_Input data_:
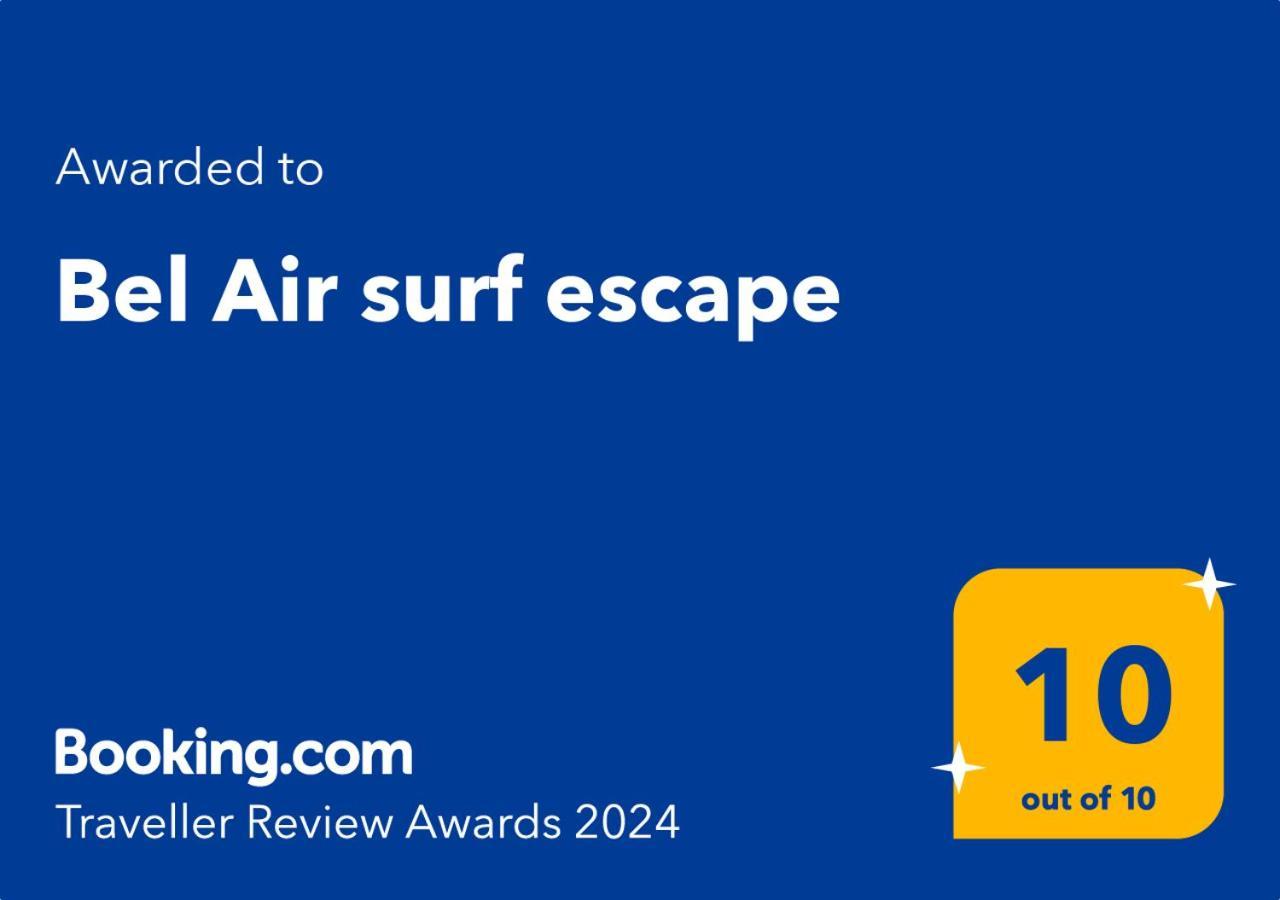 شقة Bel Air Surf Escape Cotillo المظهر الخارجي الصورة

---

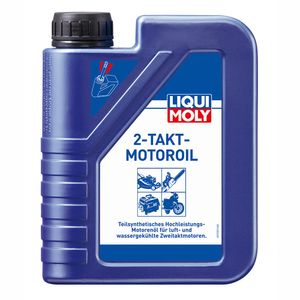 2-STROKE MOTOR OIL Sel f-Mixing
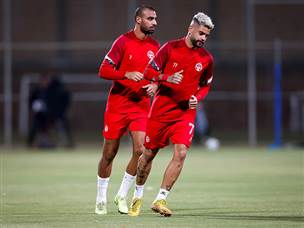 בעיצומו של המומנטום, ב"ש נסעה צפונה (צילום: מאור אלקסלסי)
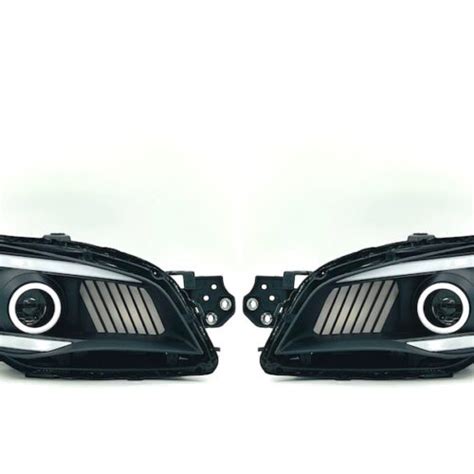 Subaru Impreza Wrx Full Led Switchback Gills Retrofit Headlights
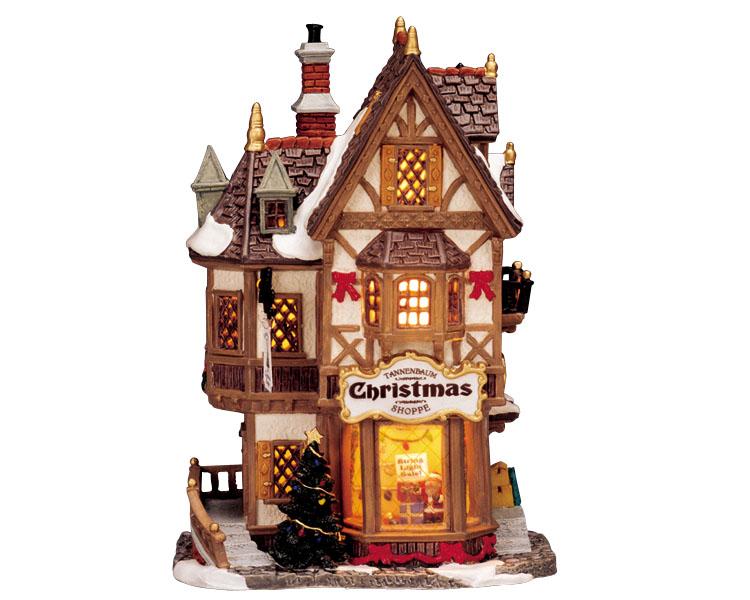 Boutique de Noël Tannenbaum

---

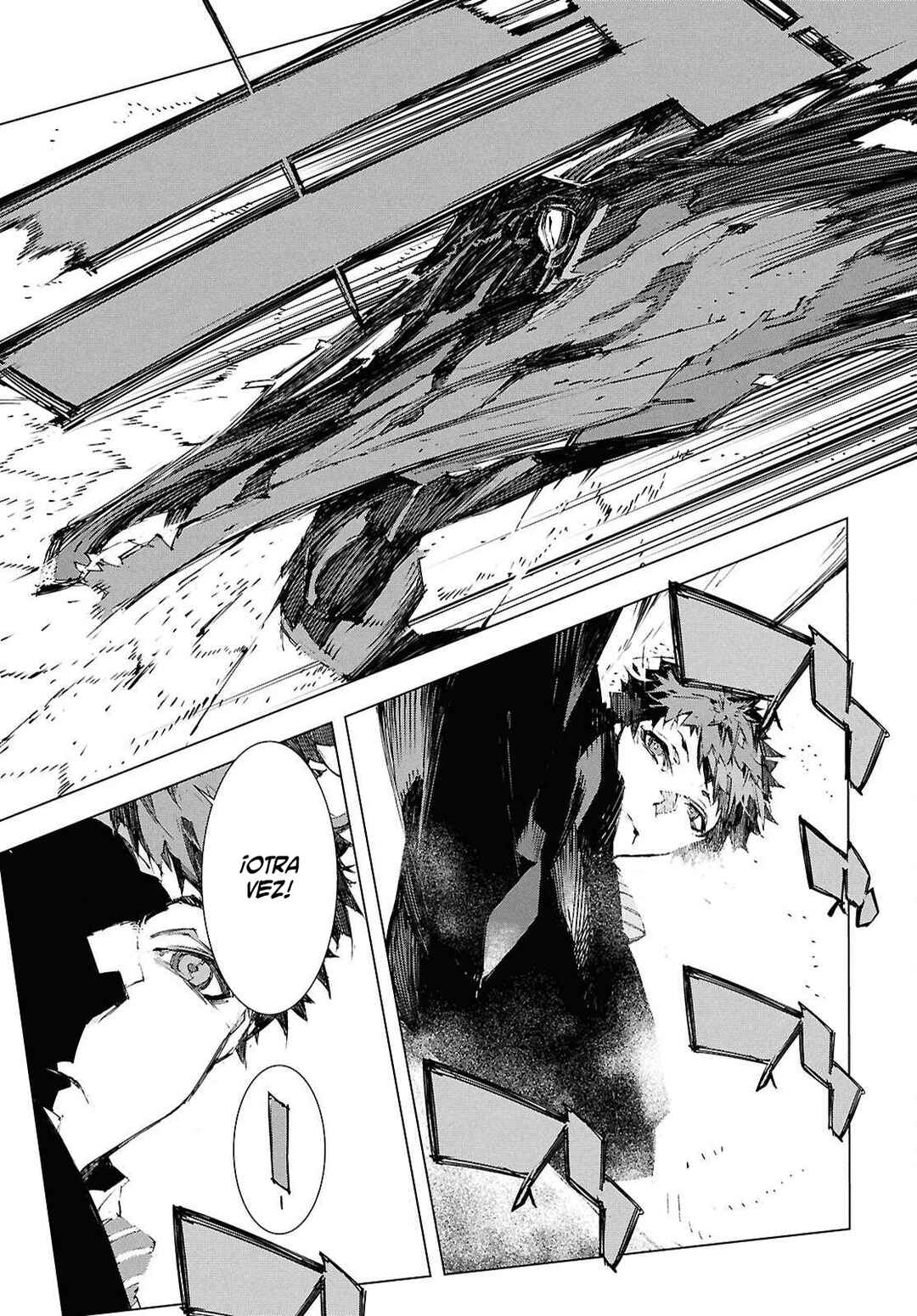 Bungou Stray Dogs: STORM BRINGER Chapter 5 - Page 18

_Assigned task_: Set down again, exactly, every line above from the one with "(צילום: מאור אלקסלסי)" down to the one with "Boutique de Noël Tannenbaum", both ends included. No pictures, and nothing else.

_Result of this task_:
 בעיצומו של המומנטום, ב"ש נסעה צפונה (צילום: מאור אלקסלסי)
 Subaru Impreza Wrx Full Led Switchback Gills Retrofit Headlights
 Boutique de Noël Tannenbaum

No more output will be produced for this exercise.